• [TASK TO CARRY OUT]: The answer is a stretch of the material below, returned exactly: the line containing "Gholam Haidar tábornok, az", the line containing "Gucci Leopard-Print Calfskin Sandals", and all lines between.

━━ MATERIAL SUPPLIED ━━

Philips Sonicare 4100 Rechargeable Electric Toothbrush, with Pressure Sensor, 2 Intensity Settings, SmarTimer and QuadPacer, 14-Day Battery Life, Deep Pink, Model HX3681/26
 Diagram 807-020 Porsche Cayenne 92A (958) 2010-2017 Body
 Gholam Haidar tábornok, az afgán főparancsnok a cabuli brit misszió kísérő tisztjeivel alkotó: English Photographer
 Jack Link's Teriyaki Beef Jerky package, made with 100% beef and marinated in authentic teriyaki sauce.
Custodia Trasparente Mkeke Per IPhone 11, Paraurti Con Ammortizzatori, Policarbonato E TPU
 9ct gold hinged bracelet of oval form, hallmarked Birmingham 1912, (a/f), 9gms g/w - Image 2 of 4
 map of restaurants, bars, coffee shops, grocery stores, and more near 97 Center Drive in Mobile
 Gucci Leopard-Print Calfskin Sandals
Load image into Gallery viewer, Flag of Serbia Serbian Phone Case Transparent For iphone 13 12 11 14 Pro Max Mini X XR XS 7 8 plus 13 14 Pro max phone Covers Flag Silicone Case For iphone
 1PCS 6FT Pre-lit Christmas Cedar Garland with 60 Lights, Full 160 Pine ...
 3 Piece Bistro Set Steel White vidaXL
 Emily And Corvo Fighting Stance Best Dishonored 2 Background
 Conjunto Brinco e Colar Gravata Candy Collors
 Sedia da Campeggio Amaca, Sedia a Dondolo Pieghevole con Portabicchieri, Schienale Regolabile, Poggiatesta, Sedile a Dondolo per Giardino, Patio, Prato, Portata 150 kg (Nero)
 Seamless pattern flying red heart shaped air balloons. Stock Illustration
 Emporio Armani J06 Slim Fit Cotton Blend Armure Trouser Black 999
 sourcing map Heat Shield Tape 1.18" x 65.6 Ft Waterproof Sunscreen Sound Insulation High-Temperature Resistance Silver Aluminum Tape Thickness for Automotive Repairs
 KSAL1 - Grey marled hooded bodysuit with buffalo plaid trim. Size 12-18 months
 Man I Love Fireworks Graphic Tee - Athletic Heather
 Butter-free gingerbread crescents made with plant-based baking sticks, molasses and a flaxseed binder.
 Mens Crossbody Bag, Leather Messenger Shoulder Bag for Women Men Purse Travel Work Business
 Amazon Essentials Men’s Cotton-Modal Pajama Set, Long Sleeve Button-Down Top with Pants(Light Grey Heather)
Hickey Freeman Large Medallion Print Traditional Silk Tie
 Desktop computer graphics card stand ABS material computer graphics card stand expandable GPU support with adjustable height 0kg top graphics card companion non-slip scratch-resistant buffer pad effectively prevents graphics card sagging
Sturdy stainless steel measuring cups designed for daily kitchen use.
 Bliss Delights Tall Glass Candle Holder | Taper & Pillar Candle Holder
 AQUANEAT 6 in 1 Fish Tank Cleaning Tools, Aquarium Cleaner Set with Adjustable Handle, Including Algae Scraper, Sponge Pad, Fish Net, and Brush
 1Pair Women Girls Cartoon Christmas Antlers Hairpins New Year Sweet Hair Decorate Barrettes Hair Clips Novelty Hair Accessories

━━━

• [OUTPUT]:
 Gholam Haidar tábornok, az afgán főparancsnok a cabuli brit misszió kísérő tisztjeivel alkotó: English Photographer
 Jack Link's Teriyaki Beef Jerky package, made with 100% beef and marinated in authentic teriyaki sauce.
Custodia Trasparente Mkeke Per IPhone 11, Paraurti Con Ammortizzatori, Policarbonato E TPU
 9ct gold hinged bracelet of oval form, hallmarked Birmingham 1912, (a/f), 9gms g/w - Image 2 of 4
 map of restaurants, bars, coffee shops, grocery stores, and more near 97 Center Drive in Mobile
 Gucci Leopard-Print Calfskin Sandals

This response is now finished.